With sunny and gorgeous weather upon us this weekend, it was the perfect time to recreate my own version of the dish. While the caveman grilled up the chicken outside, I worked on the dressings. Both came out quite deliciously, with the nut sauce in particular being almost impossible to stop sampling!
You can use any combination of lettuce and vegetables that you fancy here. I used some mixed greens and baby spinach, carrots, cucumber and red pepper.
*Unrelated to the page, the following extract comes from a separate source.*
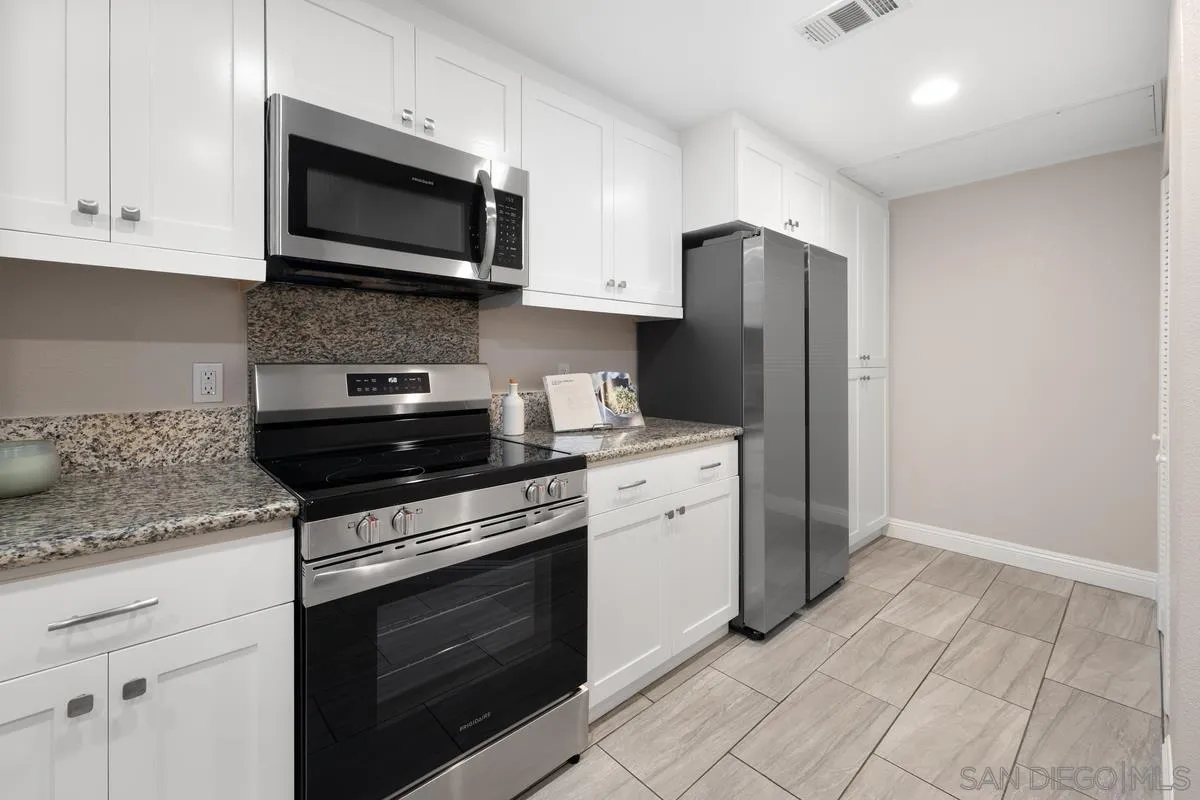 9229 Regents Road, Unit L124 La Jolla, CA 92037 - Photo 2 of 46 a kitchen with stainless steel appliances granite countertop white cabinets sink and stainless steel appliances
Paleo Houston's Grilled Chicken Salad Copycat
1/4 cup coconut aminos
1/4 cup raw almond butter
1 tbs. freshly grated ginger
2 cloves garlic, minced
2 tbs. palm sugar
1 tbs. sesame oil
2 tbs. rice wine vinegar
Combine all ingredients in a blender and process until smooth. Put in refrigerator for at least half hour before serving, as this allows it to thicken up a bit.
1/3 cup olive oil
1/4 cup rice wine vinegar
3 tbs. raw honey
2 tbs. dijon mustard
juice of one lime
1 tsp. sesame oil
2 chopped green onions
1/4 tsp. pepper
pinch of salt
Mix all ingredients in a microwave-safe bowl. Heat for one minute to infuse oil with the lime. Allow to cool in fridge before serving
1/2-1 lb. grilled chicken breast, cut into strips
greens and vegetables of choice
To make salad, top greens and vegetables with grilled chicken. Evenly dress with lime vinaigrette and "peanut" sauce.